I’ve enjoyed using MyBB on all my forums for years. I’ve donated to the MyBB project and even assisted with acquiring the MyBB domain name. Of course I also run MyBBCentral.com which is my own MyBB support site for my plugin releases. So I feel a kinship with the project. In some ways their fate and mine are tied together. So when I learned that MyBB.com was stolen my heart sank a bit. And when I learned that I was personally named as the reason…well I just felt very sad that a project I loved was effected because of me.
MyBB.com is still offline but a holder page is up and Chris B. the founder claims to have it all back and he’s running a full security audit. That’s good news.
The penetration was a simple one. Call up customer service, ramble off some fake info, and maybe even provide a fax/email with a fake ID. Then get them to change something important like email contact and bingo…you’re in. From there you can start getting into the server control panel or the registrar with PW resets and take it all over. No real hacking or computer skills. Just plain old fraud and lying. The attackers claimed to have obtained a dump of the database. Chris of MyBB states they never gained actual server access. I don’t see the benefit of a dump for them since MyBB doesn’t take CC payments and it’s basically just a free open source project. So I have to assume this was all just to get some attention as they won’t really profit from this fiasco.

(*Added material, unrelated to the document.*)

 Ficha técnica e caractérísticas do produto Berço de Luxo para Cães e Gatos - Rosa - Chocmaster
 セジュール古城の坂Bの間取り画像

Recently this same group had done the same thing against WHMCS and released a large customer database. They also have recovered fully but the scar left from the attack will probably not heal for some time. Interesting to note that I personally have zero affiliation with WHMCS. I don’t use it at all. I’m sure some empty reason was given by the criminals for the attack. I have yet to see one but I’m sure it’s around somewhere. The criminal was arrested and questioned. If we’re lucky he’ll get prosecuted to the fullest extent of the law.

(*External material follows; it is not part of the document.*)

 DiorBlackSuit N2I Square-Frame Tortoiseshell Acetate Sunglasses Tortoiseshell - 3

What’s been done by this group is not elite. It’s not fantastic. It’s simple fraud meant to damage innocent and legitimate companies. And the group are not hacktivists either. They have no real mission beyond their personal exploits and recognition. There is no noble cause they are striving for. Their whole anti-SOPA rhetoric is obviously mush since MyBB.com was also against SOPA. They are not hacktivists. They are cyber-terrorists. Their symbolism of Hitler is evidence of that. They will do whatever they can to get noticed.
Unfortunately for them they’ve been noticed by the FBI. Already one member was arrested and questioned which means more are sure to follow. We can only hope the end of their terrorism is over but I have a bad feeling it’s not and that other targets are being viewed by them. I have no doubt that eventually they’ll be prosecuted but will others recognize them as criminals or heroes? I’m fearful people will be inspired by these actions when they should instead be ashamed.
So what good can come from all this? Where is that silver lining? I’m not seeing it. I would hope more companies take more precautions when it comes to their customer service in phone calls but I don’t see that happening soon. Seems to me that the questions they ask to verify identity are always generic info that at this point almost anyone can obtain. Like your last 4 of your SS or your address. Online you often have security questions and answers but offline when you make a call they don’t ask you these. User data should never be changed by customer service without strong verification of identity. More so than just a few questions on the phone. I’m hoping that in 3-5 years offline security is taken more seriously. If there is a silver lining in any of this it’s that what this group has done is only going to be the beginning of havoc we can potentially witness.
No matter what measures you’ve taken to be secured online you can’t overcome the policies and stupidity of a company’s customer service. Is that the lesson they want us to learn?